= Superalgebra =

Algebraic structure used in theoretical physics

In mathematics and theoretical physics, a superalgebra is a $\mathbb{Z}_2$-graded algebra. That is, it is an algebra over a commutative ring or field with a decomposition into "even" and "odd" pieces and a multiplication operator that respects the grading.

The prefix super- comes from the theory of supersymmetry in theoretical physics. Superalgebras and their representations, supermodules, provide an algebraic framework for formulating supersymmetry. The study of such objects is sometimes called super linear algebra. Superalgebras also play an important role in related field of supergeometry where they enter into the definitions of graded manifolds, supermanifolds and superschemes.

==Formal definition==

Let $K$ be a commutative ring. In most applications, $K$ is a field of characteristic 0, such as $\mathbb{R}$ or $\mathbb{C}$.

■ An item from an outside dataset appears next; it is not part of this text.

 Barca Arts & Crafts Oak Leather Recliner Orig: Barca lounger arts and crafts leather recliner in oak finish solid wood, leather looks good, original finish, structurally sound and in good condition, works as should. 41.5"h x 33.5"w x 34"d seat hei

A superalgebra over $K$ is a $K$-module $A$ with a direct sum decomposition
$A = A_0\oplus A_1$
together with a bilinear multiplication $A\times A\to A$ such that
$A_iA_j \sube A_{i+j}$
where the subscripts are read modulo 2, i.e. they are thought of as elements of $\mathbb{Z}_2$.

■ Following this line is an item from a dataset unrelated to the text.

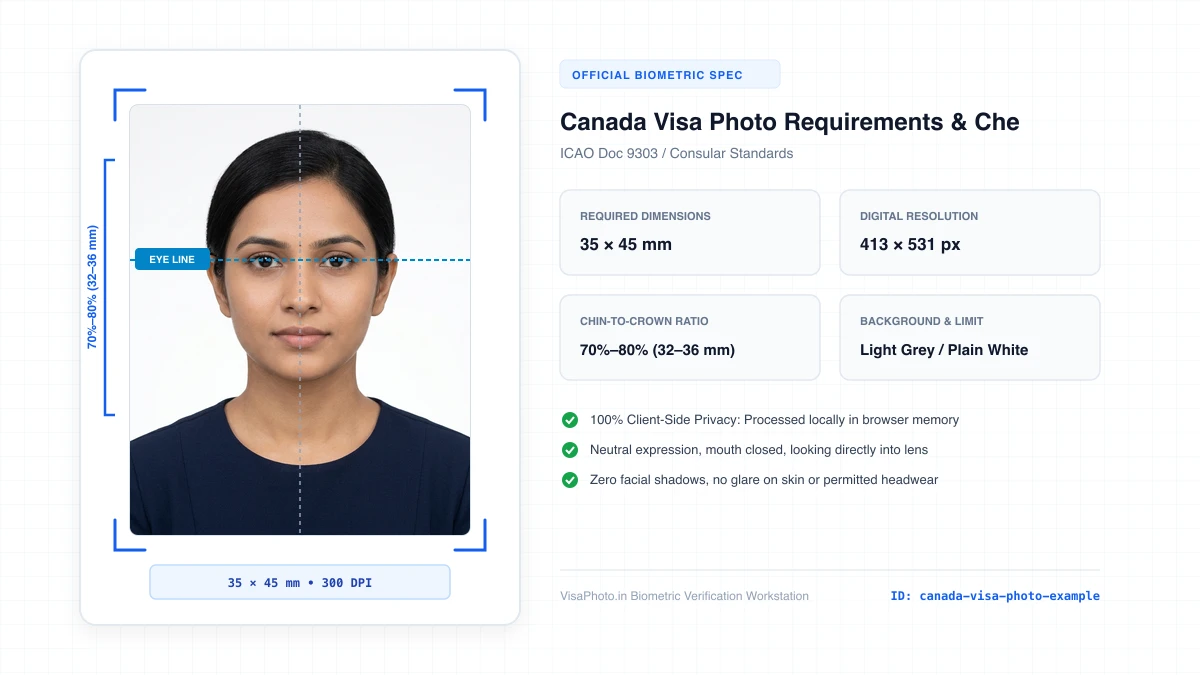 Compliant Canadian visa photo example meeting IRCC biometric framing standards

A superring, or $\mathbb{Z}_2$-graded ring, is a superalgebra over the ring of integers $\mathbb{Z}$.

The elements of each of the $A_i$ are said to be homogeneous. The parity of a homogeneous element $x$, denoted by $|x|$, is 0 or 1 according to whether it is in $A_0$ or $A_1$. Elements of parity 0 are said to be even and those of parity 1 to be odd. If $x$ and $y$ are both homogeneous, then so is the product $xy$ and $|xy| = |x| + |y|$.

An associative superalgebra is one whose multiplication is associative and a unital superalgebra is one with a multiplicative identity element. The identity element in a unital superalgebra is necessarily even. Unless otherwise specified, all superalgebras in this article are assumed to be associative and unital.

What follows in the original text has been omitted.